AIM OF THE TASK — In full and without error, repeat the entries below.

[Short web captions]
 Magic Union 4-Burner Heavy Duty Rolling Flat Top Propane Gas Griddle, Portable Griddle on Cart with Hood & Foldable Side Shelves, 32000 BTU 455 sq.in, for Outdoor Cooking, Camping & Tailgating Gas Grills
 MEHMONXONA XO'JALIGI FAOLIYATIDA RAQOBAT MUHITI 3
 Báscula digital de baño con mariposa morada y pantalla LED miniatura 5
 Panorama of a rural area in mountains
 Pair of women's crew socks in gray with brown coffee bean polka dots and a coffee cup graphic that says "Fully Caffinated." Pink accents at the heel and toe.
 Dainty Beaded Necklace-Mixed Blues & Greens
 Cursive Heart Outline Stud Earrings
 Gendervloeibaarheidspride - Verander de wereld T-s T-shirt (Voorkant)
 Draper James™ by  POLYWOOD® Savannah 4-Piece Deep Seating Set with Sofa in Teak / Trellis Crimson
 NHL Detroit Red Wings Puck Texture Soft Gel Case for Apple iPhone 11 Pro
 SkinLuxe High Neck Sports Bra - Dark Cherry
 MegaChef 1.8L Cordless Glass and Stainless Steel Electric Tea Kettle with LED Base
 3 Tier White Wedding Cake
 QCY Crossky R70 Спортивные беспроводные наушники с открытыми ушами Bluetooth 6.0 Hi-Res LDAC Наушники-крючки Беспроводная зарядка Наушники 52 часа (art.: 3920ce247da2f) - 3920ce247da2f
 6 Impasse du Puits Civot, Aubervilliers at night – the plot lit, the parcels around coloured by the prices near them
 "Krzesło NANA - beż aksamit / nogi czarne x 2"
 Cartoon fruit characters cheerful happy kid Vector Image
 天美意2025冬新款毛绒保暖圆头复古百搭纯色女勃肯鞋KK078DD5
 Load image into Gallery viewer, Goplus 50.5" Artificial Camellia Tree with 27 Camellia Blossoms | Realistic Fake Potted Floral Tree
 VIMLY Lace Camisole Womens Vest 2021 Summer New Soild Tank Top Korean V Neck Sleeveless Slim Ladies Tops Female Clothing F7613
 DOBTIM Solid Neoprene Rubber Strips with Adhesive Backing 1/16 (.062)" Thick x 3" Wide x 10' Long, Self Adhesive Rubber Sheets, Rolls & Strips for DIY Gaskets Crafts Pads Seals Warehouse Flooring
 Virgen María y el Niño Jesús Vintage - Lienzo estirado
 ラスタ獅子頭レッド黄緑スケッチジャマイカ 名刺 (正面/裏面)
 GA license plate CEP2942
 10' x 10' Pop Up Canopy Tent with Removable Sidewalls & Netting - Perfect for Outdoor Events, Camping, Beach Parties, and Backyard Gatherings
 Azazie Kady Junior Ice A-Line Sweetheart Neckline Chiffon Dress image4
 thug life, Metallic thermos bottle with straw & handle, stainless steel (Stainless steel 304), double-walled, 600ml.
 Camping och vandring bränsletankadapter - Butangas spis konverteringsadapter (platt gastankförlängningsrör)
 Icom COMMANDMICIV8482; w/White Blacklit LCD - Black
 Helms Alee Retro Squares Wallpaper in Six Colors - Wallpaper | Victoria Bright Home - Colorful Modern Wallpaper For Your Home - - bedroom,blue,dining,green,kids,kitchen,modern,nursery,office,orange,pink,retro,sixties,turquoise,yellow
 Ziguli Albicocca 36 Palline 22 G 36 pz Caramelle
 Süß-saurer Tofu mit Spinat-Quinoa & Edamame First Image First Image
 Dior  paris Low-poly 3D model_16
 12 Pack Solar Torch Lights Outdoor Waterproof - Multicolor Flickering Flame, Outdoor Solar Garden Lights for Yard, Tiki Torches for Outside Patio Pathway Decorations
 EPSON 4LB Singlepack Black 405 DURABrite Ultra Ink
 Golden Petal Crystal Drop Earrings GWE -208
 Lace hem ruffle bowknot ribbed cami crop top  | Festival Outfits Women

SOLVED EXERCISE —
 Magic Union 4-Burner Heavy Duty Rolling Flat Top Propane Gas Griddle, Portable Griddle on Cart with Hood & Foldable Side Shelves, 32000 BTU 455 sq.in, for Outdoor Cooking, Camping & Tailgating Gas Grills
 MEHMONXONA XO'JALIGI FAOLIYATIDA RAQOBAT MUHITI 3
 Báscula digital de baño con mariposa morada y pantalla LED miniatura 5
 Panorama of a rural area in mountains
 Pair of women's crew socks in gray with brown coffee bean polka dots and a coffee cup graphic that says "Fully Caffinated." Pink accents at the heel and toe.
 Dainty Beaded Necklace-Mixed Blues & Greens
 Cursive Heart Outline Stud Earrings
 Gendervloeibaarheidspride - Verander de wereld T-s T-shirt (Voorkant)
 Draper James™ by  POLYWOOD® Savannah 4-Piece Deep Seating Set with Sofa in Teak / Trellis Crimson
 NHL Detroit Red Wings Puck Texture Soft Gel Case for Apple iPhone 11 Pro
 SkinLuxe High Neck Sports Bra - Dark Cherry
 MegaChef 1.8L Cordless Glass and Stainless Steel Electric Tea Kettle with LED Base
 3 Tier White Wedding Cake
 QCY Crossky R70 Спортивные беспроводные наушники с открытыми ушами Bluetooth 6.0 Hi-Res LDAC Наушники-крючки Беспроводная зарядка Наушники 52 часа (art.: 3920ce247da2f) - 3920ce247da2f
 6 Impasse du Puits Civot, Aubervilliers at night – the plot lit, the parcels around coloured by the prices near them
 "Krzesło NANA - beż aksamit / nogi czarne x 2"
 Cartoon fruit characters cheerful happy kid Vector Image
 天美意2025冬新款毛绒保暖圆头复古百搭纯色女勃肯鞋KK078DD5
 Load image into Gallery viewer, Goplus 50.5" Artificial Camellia Tree with 27 Camellia Blossoms | Realistic Fake Potted Floral Tree
 VIMLY Lace Camisole Womens Vest 2021 Summer New Soild Tank Top Korean V Neck Sleeveless Slim Ladies Tops Female Clothing F7613
 DOBTIM Solid Neoprene Rubber Strips with Adhesive Backing 1/16 (.062)" Thick x 3" Wide x 10' Long, Self Adhesive Rubber Sheets, Rolls & Strips for DIY Gaskets Crafts Pads Seals Warehouse Flooring
 Virgen María y el Niño Jesús Vintage - Lienzo estirado
 ラスタ獅子頭レッド黄緑スケッチジャマイカ 名刺 (正面/裏面)
 GA license plate CEP2942
 10' x 10' Pop Up Canopy Tent with Removable Sidewalls & Netting - Perfect for Outdoor Events, Camping, Beach Parties, and Backyard Gatherings
 Azazie Kady Junior Ice A-Line Sweetheart Neckline Chiffon Dress image4
 thug life, Metallic thermos bottle with straw & handle, stainless steel (Stainless steel 304), double-walled, 600ml.
 Camping och vandring bränsletankadapter - Butangas spis konverteringsadapter (platt gastankförlängningsrör)
 Icom COMMANDMICIV8482; w/White Blacklit LCD - Black
 Helms Alee Retro Squares Wallpaper in Six Colors - Wallpaper | Victoria Bright Home - Colorful Modern Wallpaper For Your Home - - bedroom,blue,dining,green,kids,kitchen,modern,nursery,office,orange,pink,retro,sixties,turquoise,yellow
 Ziguli Albicocca 36 Palline 22 G 36 pz Caramelle
 Süß-saurer Tofu mit Spinat-Quinoa & Edamame First Image First Image
 Dior  paris Low-poly 3D model_16
 12 Pack Solar Torch Lights Outdoor Waterproof - Multicolor Flickering Flame, Outdoor Solar Garden Lights for Yard, Tiki Torches for Outside Patio Pathway Decorations
 EPSON 4LB Singlepack Black 405 DURABrite Ultra Ink
 Golden Petal Crystal Drop Earrings GWE -208
 Lace hem ruffle bowknot ribbed cami crop top  | Festival Outfits Women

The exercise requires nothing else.